Tomorrow night’s FFA Cup quarter final clash at Dorrien Gardens is a much more important game for Perth Glory than many will realise.
Perth Glory will be desperate to progress through to the semi-final, because the club is still searching for its first trophy since the dawn of the Hyundai A-League. They lost in the final of the Pre-season Cup, The Grand Final and the inaugural FFA Cup Final.
However apart from wanting to lift the trophy this time around, this game is very important for the club as the FFA Cup is proving the only avenue for the coach and players to have any meaningful pre-season matches before the start of the coming A-League season.
A-League teams on the East coast can afford to fly inter-state and have a match against quality A-League opposition, as the air fares between East coast cities are far lower than they are from the most isolated city in the country. Not only that, but Melbourne and Sydney have the luxury of more than one team in their city.

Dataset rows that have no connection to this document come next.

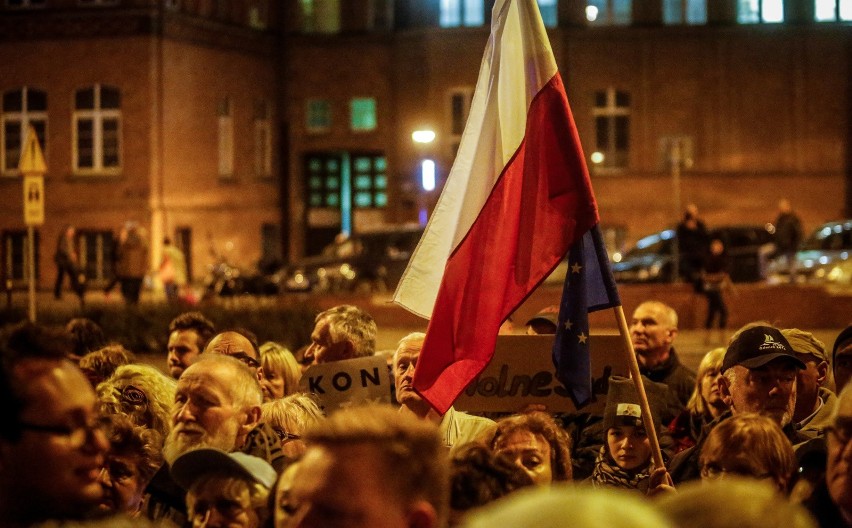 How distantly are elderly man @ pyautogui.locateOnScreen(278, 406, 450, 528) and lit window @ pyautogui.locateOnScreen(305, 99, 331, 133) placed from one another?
43.2m

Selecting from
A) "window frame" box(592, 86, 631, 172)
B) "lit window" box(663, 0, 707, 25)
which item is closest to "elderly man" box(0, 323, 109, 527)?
"window frame" box(592, 86, 631, 172)

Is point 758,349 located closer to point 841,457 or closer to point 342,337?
point 841,457

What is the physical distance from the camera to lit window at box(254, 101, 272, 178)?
44.8 metres

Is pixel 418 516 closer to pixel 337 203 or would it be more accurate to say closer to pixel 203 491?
pixel 203 491

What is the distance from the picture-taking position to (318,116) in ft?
151

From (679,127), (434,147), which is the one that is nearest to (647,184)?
(679,127)

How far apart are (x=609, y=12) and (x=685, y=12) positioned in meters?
2.33

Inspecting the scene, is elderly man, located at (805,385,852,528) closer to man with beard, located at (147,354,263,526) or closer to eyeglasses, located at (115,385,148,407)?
man with beard, located at (147,354,263,526)

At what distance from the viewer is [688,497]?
2.69 metres

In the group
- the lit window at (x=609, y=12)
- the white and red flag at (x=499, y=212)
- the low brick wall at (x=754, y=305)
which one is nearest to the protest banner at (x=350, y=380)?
the white and red flag at (x=499, y=212)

Perth Glory has in the past headed to China; where one game was abandoned because the bus driver had no idea where the ground was. They have also headed to Malaysia in the past. They have even gone to South Africa, courtesy of Jason Brewer’s mining company, prior to him becoming CEO of the club. Yet with every cent that is being spent now being watched very closely in 2015, there was no budget for Kenny Lowe and his side to leave Western Australia and play.
Yes, there have been games against a NPL composite side, – labelled a “State team” – and also against selected NPL sides, but the truth is the standard of the top semi-professional league in Western Australia is according to many, currently at its nadir. Bayswater City are the sole shining light in the competition and that is why they have won the top competition for the past two seasons. This year they wrapped up the league title ten points clear of Perth who have been consigned to second place since the dawn of the NPL, and are a shadow of the side they were in the early 2000’s.
None of these sides now are going to truly stretch a full time professional side. So where can Perth Glory get meaningful games in which the coach can truly assess the fitness of his players and how certain combinations are gelling on the park? The FFA Cup is the only avenue.
So tomorrow night’s game against Western Sydney Wanderers is a must-win for more reasons than the Glory’s quest for a trophy, it assures them another hard match in their A-League preparation, and if they win that hopefully one more, that will also hopefully be played in Perth!
The situation in terms of pre-season games does not look like changing much in the near future, so the FFA Cup is a godsend for a club stuck on the other side of the country, watching its costs.